◆ WHAT YOU NEED TO DO ◆
Begin your transcription at the line containing "ราคาขาย 285,000บ สี่ล้อ" and continue it, word for word, to the final line below. Include only those lines and skip the pictures.

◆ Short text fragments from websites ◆
+ + + + +

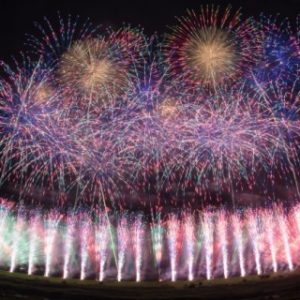 花火も夜空に打ち上げ　湾岸エリアを一望夜景！SKYビュー花火鑑賞会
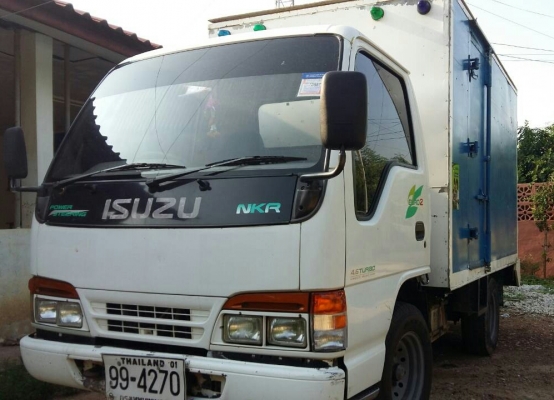 ราคาขาย 285,000บ สี่ล้อ อีซูซุ NKR 88ปี40 ยกหัวได้ ตู้แห้ง ยาว3.20ม สภาพดีสวยเดิมๆพร้อมใช้งาน ทะเบียนพร้อมโอน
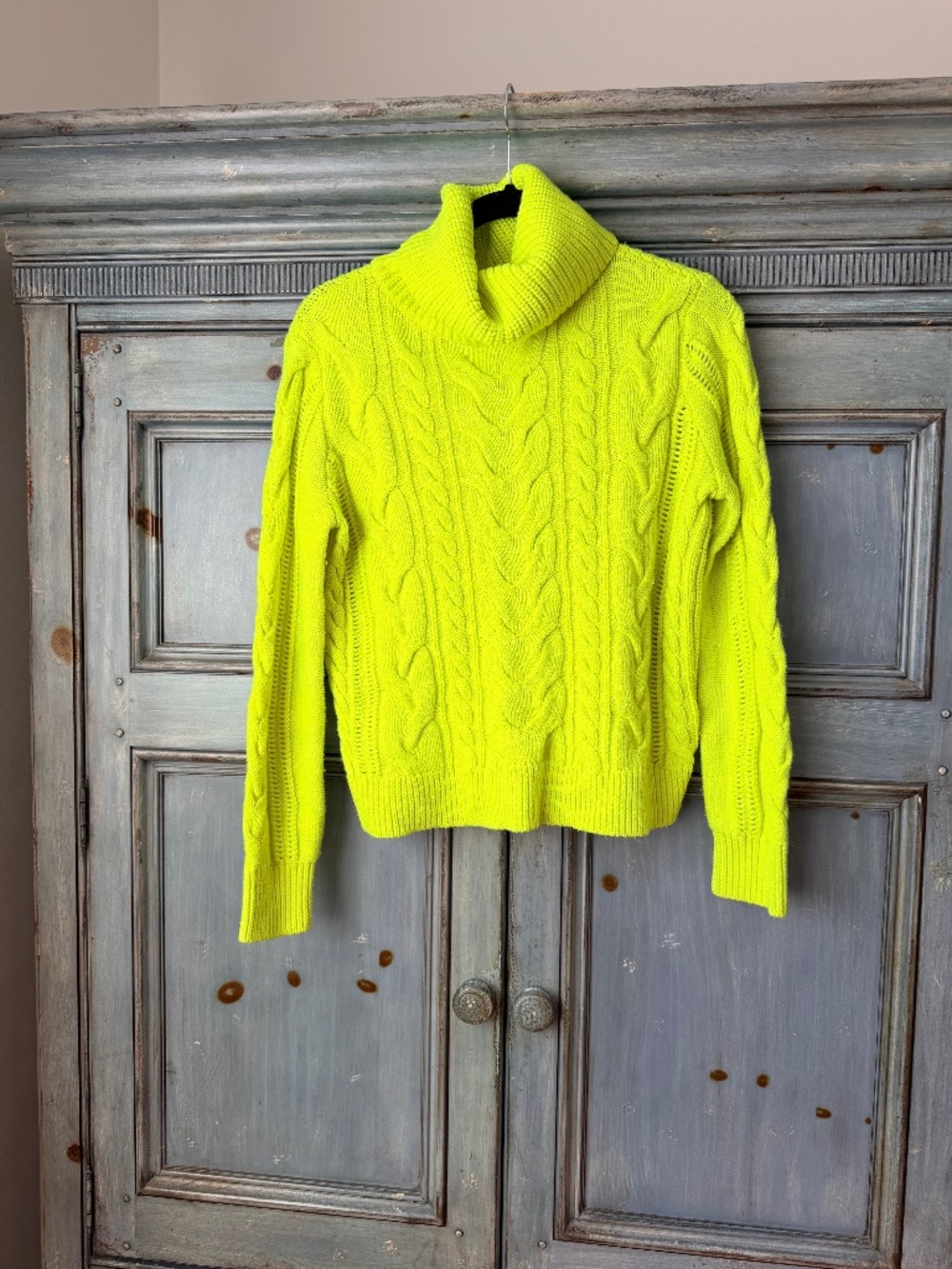Alice + Olivia Neon Yellow Wool Blend Cable Knit Turtleneck Sweater Size S/P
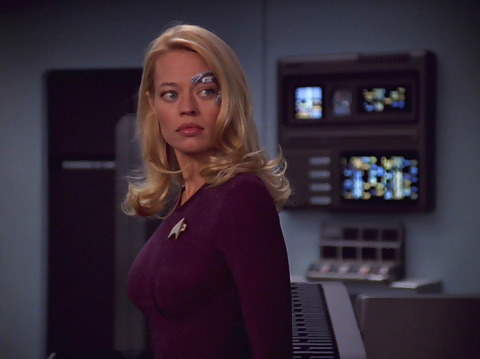SEXIEST GIRL ROM THE UNIVERSE - SEVEN OF NINE #6838260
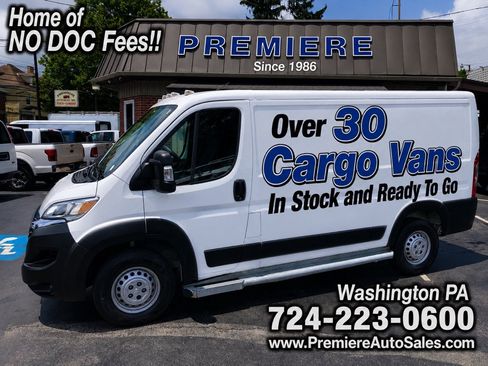Used 2025 RAM ProMaster 2500 w/ U-Haul Equipment Group FWD image 1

+ + + + +

◆ EXPECTED OUTPUT ◆
 ราคาขาย 285,000บ สี่ล้อ อีซูซุ NKR 88ปี40 ยกหัวได้ ตู้แห้ง ยาว3.20ม สภาพดีสวยเดิมๆพร้อมใช้งาน ทะเบียนพร้อมโอน
Alice + Olivia Neon Yellow Wool Blend Cable Knit Turtleneck Sweater Size S/P
SEXIEST GIRL ROM THE UNIVERSE - SEVEN OF NINE #6838260
Used 2025 RAM ProMaster 2500 w/ U-Haul Equipment Group FWD image 1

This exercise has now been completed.